§ Collected data
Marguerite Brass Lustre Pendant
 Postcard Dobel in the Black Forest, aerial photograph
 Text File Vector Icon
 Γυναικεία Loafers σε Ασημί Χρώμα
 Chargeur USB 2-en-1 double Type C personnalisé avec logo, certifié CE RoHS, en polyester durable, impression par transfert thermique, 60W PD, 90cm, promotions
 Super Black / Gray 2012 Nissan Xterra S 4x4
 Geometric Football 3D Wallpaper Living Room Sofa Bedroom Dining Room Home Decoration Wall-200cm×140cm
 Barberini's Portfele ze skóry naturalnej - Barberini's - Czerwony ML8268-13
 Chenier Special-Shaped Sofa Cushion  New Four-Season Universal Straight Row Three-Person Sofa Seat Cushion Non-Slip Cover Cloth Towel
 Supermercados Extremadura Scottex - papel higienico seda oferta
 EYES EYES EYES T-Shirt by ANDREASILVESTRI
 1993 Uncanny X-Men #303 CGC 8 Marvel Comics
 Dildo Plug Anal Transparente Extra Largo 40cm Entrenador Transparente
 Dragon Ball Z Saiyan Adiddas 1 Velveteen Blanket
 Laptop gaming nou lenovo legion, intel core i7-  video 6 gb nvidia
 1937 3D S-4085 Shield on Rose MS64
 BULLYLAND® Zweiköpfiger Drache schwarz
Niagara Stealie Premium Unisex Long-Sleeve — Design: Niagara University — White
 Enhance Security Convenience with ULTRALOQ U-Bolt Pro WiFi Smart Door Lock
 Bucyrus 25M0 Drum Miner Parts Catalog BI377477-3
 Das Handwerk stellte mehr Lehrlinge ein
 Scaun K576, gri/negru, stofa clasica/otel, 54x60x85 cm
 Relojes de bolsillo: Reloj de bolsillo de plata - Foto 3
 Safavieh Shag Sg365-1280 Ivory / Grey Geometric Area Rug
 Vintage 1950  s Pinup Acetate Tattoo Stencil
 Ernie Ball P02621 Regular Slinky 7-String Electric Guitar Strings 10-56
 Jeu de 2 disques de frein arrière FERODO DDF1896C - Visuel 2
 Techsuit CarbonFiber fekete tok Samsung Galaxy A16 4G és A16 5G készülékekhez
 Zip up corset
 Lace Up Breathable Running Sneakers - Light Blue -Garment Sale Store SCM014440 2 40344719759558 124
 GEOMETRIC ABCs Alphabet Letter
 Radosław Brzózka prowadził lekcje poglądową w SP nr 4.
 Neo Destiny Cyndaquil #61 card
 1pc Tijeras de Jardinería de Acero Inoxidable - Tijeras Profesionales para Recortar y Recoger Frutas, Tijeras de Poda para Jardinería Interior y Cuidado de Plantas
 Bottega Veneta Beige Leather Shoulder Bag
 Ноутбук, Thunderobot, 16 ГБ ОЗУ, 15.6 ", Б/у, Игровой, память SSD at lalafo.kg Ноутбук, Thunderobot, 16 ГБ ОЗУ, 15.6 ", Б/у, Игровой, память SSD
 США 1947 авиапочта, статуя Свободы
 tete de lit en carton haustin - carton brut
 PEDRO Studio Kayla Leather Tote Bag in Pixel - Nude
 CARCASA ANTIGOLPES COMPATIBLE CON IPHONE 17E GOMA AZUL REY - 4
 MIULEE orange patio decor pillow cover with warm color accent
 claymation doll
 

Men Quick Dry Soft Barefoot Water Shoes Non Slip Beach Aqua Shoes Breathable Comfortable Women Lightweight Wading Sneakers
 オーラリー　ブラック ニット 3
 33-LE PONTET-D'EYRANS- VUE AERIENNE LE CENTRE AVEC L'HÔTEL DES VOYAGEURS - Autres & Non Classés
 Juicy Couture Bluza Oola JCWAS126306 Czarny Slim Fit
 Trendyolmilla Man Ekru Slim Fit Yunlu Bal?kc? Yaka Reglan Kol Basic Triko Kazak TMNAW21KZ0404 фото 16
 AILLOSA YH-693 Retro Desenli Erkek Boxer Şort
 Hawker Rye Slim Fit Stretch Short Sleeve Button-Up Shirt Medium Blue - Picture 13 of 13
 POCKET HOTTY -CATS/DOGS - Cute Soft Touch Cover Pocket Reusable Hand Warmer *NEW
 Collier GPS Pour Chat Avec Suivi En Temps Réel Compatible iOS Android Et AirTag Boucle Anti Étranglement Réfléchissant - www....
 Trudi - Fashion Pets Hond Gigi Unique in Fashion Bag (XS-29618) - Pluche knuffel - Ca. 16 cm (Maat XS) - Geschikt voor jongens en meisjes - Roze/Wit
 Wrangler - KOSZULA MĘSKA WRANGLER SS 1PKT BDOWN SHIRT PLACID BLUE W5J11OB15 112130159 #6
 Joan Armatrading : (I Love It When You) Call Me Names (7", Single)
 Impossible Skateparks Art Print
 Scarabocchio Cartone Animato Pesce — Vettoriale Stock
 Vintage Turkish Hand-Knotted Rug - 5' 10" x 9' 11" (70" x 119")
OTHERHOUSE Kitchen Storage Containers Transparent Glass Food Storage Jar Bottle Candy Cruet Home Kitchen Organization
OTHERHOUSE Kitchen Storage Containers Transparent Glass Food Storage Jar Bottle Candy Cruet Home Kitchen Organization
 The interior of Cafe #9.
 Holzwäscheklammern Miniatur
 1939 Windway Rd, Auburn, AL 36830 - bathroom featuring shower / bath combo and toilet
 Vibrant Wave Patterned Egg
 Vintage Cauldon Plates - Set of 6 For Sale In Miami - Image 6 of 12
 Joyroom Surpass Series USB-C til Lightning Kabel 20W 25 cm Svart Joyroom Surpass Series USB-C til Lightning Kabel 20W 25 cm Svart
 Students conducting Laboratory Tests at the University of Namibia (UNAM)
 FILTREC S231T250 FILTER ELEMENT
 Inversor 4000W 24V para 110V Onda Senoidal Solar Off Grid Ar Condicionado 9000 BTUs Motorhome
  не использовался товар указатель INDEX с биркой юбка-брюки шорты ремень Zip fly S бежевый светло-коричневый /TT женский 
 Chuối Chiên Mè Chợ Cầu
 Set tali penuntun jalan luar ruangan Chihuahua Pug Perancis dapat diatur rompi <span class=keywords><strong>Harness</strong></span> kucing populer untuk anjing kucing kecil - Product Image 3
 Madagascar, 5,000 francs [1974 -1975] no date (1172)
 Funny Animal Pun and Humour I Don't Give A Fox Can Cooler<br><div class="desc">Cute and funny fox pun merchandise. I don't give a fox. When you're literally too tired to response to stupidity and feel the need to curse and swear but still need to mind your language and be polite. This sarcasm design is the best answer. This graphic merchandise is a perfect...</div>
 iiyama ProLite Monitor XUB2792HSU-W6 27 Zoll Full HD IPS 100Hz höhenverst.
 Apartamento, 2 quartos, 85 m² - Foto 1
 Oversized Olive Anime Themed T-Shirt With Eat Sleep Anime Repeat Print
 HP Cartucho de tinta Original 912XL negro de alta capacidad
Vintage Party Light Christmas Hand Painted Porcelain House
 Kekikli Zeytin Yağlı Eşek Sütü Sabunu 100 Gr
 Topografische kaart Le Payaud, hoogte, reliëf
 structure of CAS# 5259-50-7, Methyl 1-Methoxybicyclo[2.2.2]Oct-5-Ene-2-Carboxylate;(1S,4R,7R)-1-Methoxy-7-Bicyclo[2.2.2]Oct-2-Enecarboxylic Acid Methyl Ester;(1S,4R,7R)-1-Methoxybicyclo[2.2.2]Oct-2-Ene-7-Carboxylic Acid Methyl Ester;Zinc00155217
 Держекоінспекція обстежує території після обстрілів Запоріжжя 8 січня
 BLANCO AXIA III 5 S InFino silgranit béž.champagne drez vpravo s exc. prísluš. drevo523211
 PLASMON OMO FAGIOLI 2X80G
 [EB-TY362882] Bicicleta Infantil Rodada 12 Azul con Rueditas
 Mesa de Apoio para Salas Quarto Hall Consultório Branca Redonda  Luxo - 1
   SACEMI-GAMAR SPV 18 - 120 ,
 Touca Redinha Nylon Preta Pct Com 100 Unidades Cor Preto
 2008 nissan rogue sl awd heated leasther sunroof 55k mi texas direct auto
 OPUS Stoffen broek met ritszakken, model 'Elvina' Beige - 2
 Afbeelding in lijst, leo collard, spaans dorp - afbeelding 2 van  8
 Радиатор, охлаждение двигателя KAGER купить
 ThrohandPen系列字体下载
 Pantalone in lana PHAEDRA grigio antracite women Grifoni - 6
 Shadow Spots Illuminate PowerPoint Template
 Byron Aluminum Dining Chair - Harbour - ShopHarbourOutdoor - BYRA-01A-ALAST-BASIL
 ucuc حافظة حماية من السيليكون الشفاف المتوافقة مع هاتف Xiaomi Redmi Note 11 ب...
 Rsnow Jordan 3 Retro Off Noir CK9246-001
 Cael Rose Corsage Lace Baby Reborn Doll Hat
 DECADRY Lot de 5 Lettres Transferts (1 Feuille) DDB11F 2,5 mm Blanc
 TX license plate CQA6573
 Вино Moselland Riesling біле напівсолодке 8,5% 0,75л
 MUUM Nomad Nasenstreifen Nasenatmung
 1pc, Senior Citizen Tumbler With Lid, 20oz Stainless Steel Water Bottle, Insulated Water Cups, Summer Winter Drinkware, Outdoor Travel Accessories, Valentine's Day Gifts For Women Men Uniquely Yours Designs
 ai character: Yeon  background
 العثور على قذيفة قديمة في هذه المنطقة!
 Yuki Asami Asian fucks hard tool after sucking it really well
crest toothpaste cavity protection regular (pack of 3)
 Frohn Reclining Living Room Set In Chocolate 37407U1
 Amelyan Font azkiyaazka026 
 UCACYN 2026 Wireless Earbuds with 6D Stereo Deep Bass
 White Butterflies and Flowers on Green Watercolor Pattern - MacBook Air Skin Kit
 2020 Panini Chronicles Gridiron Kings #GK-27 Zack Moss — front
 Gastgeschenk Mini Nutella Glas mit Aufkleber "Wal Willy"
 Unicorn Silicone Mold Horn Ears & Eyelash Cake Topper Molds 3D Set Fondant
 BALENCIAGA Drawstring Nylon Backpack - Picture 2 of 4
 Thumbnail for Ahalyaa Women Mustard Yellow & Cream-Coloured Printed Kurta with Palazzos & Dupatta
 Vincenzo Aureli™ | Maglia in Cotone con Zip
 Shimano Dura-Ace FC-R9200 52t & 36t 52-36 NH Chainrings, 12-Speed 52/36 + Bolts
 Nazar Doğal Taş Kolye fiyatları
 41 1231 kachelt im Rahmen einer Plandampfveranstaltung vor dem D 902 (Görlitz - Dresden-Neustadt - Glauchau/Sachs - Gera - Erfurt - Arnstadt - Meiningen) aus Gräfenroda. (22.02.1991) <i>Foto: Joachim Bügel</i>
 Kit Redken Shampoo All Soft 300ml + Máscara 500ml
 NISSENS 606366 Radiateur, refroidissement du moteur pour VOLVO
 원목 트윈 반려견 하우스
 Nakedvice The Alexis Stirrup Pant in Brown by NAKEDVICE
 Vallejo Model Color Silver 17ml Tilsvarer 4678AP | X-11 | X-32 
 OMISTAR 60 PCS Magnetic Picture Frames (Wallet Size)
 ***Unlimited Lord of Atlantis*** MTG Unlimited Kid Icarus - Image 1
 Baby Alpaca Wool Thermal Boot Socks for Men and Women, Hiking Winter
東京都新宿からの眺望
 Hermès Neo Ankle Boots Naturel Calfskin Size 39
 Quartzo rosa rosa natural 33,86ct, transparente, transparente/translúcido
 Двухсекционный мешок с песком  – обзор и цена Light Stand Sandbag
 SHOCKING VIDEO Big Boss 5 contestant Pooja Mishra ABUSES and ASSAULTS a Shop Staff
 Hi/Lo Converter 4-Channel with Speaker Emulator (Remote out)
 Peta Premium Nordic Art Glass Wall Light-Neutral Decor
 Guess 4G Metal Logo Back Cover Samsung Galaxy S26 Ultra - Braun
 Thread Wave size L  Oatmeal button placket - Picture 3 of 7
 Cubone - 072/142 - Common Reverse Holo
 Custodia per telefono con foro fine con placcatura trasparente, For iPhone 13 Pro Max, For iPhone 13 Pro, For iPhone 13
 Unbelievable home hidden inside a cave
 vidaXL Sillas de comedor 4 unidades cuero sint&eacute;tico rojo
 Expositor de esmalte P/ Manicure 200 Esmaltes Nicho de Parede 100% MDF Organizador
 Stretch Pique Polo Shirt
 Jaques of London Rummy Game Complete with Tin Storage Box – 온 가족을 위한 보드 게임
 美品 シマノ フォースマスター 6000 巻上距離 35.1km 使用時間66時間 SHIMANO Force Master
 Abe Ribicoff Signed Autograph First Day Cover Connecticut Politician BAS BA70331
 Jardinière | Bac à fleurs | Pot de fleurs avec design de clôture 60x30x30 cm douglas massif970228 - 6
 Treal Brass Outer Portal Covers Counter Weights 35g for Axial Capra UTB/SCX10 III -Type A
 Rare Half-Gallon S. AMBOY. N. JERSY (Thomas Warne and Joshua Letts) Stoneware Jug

§ Problem requirements
What you return should be the lines from the beginning of the records through the one that contains "Γυναικεία Loafers σε Ασημί Χρώμα", repeated exactly and with no additions.

§ Expected answer
Marguerite Brass Lustre Pendant
 Postcard Dobel in the Black Forest, aerial photograph
 Text File Vector Icon
 Γυναικεία Loafers σε Ασημί Χρώμα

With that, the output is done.